A principios de este siglo, algunas dirigentes socialistas propusieron cambiar la letra del himno de Andalucía. El estribillo de «Andaluces levantáos» les parecía una reliquia machista. El problema se agravaba con otras estrofas de rotunda masculinidad imposibles de adaptar sin grave distorsión de la melodía. Eso de «los andaluces queremos volver a ser lo que fuimos, hombres de luz que a los hombres alma de hombres les dimos» chirriaba en la mentalidad feminista pero imperó la cordura pragmática y el propio PSOE, entonces en mayoría, decidió que el asunto no pasara del plano de la iniciativa. Lo de «Congreso de los Diputados y las Diputadas» ha corrido por la misma razón una suerte parecida.
A la izquierda le sucede con el lenguaje inclusivo algo similar a lo que está ocurriendo en el litigio de Juana Rivas contra el padre de su hijo: que por mucho que los tribunales –académicos o jurídicos– le quiten la razón se empeña en mantenerla por encima de cualquier veredicto. La RAE y la inmensa mayoría de los expertos lingüísticos insisten en que el desdoblamiento de género es una redundancia carente de sentido, que va contra la economía del lenguaje y constituye por tanto un artificio tan superfluo como postizo. Da igual; se trata de dejar clara la hegemonía de la ingeniería ideológica y su capacidad para imponer constructos políticos aunque atenten contra la lógica del sistema comunicativo.

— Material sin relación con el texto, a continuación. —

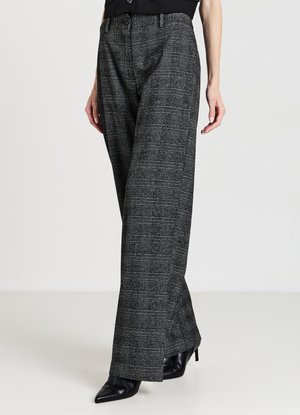 Graue, karierte, weit geschnittene Hosen mit hoher Taille und seitlichen Taschen, gefertigt aus strukturiertem Stoff, kombiniert mit schwarzen Schuhen mit Absatz.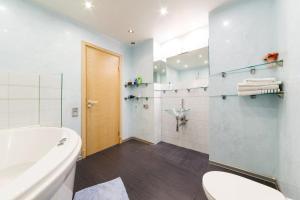 a bathroom with a tub and a toilet and a sink at Brivibas LUX in Riga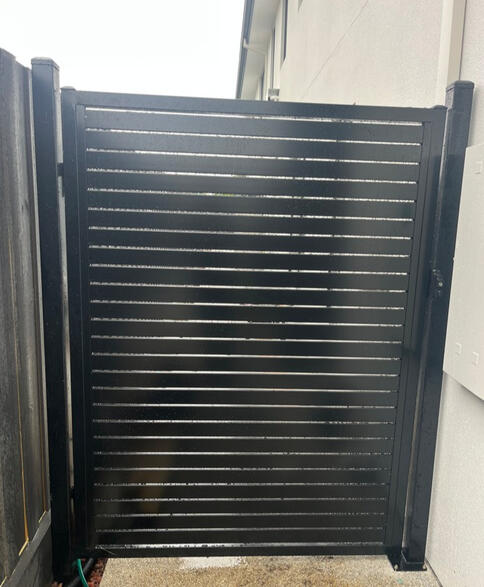 Aluminium Slat Gate Cranbourne Black aluminium slat gate installed at a new build property in Cranbourne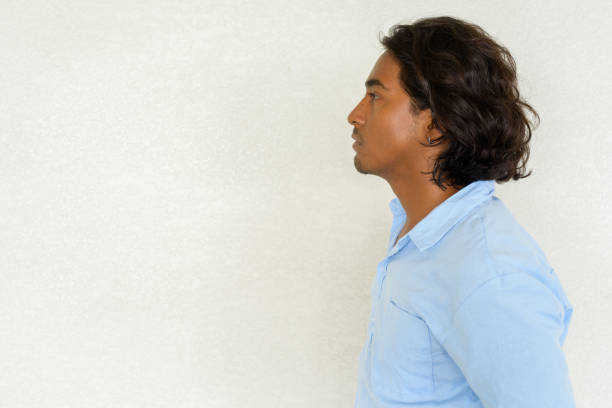 Profile view shot of handsome young Indian man against plain background outdoors shot with natural light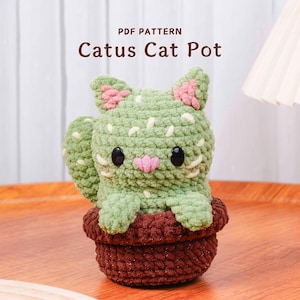 May include: A crocheted cat-shaped cactus pot in shades of green, brown, and pink. The cat has black eyes and a pink nose. The pot is brown and the text "PDF PATTERN Catus Cat Pot" is at the top.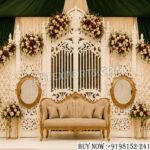 Wedding reception stage backdrop, luxury wedding gate frame, carved wedding backdrop panel, royal reception stage décor, floral wedding stage setup, wedding gate backdrop design, premium wedding stage manufacturer, Indian wedding backdrop supplier, engagement stage decoration, nikah stage backdrop, designer wedding frame, luxury wedding sofa stage, carved white wedding panels, indoor wedding reception décor, banquet hall wedding backdrop, floral stage decoration, wedding event décor supplier, royal wedding stage setup, destination wedding reception backdrop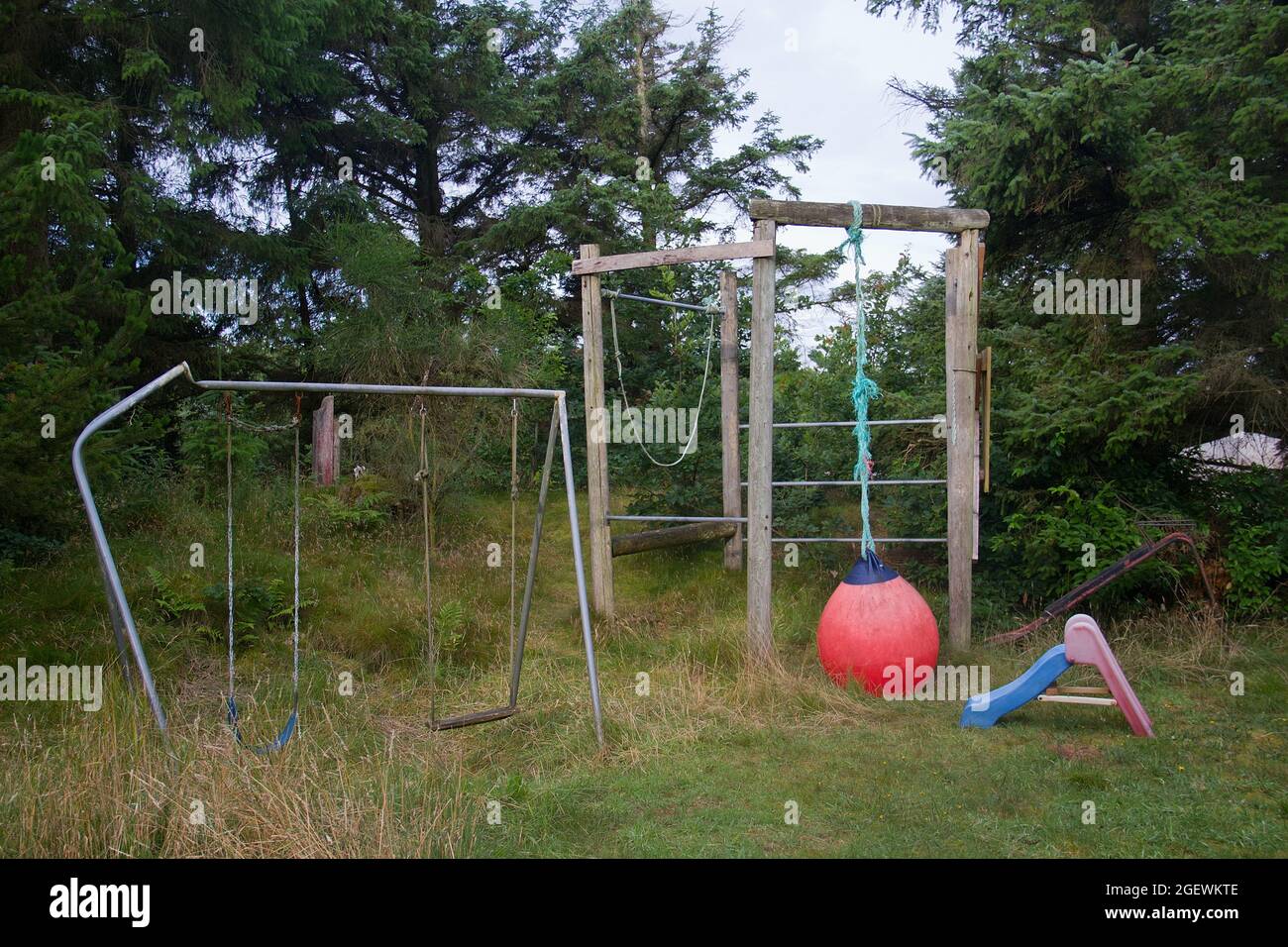 Old, neglected playground, not used for a long time Stock Photo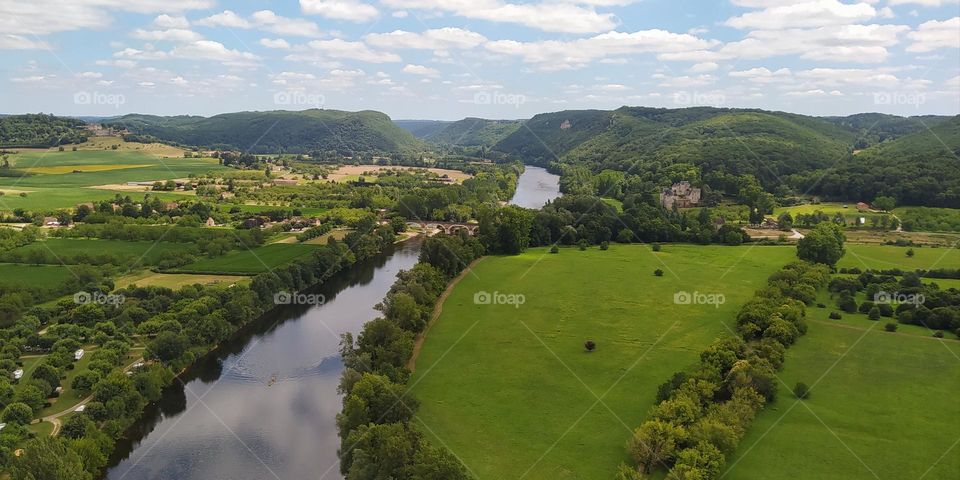 countryside landscape seen from above, a river, a meadow, fields and in the background green hills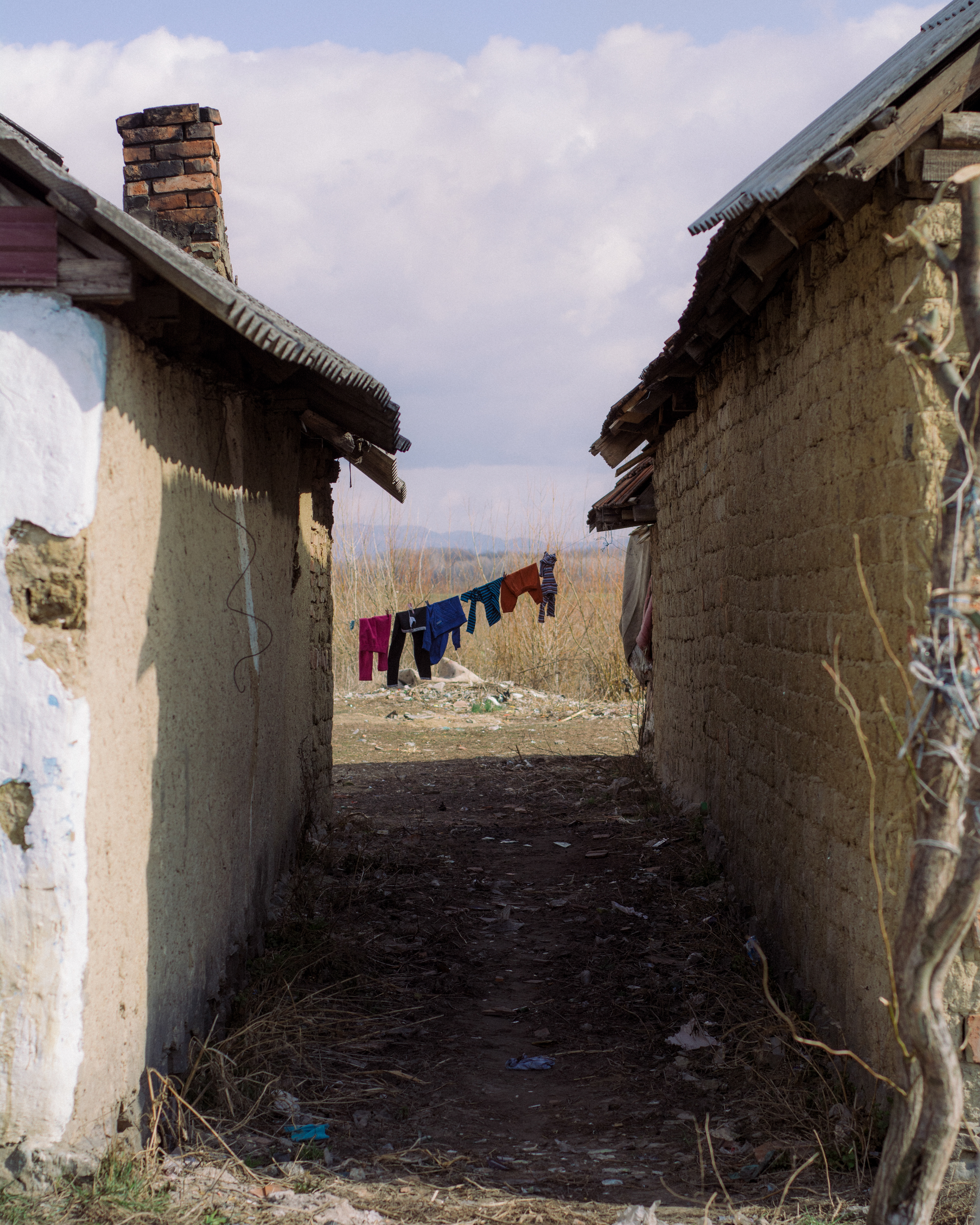 Clothesline between two homes. Ukraine, 2019.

Puestos a elegir otro nombre para la Cámara Baja, sus señorías podían haber dado con una expresión menos abstracta. La palabra congreso sirve igual para la asamblea soberana que para una reunión de partido, un simposio de odontólogos o una convención de agentes de la propiedad inmobiliaria. Si les parecía imperativo retirar la connotación varonil o patriarcal tenían a mano un sintagma mucho más incluyente, más preciso y además perfectamente encuadrable en la fachada: «Congreso de la Nación» o sencillamente «Congreso de España». Pero esa idea produce sarpullidos entre los socios de las minorías identitarias. He ahí, en ese banal debate nominativo, el resumen del drama de nuestra convivencia frustrada.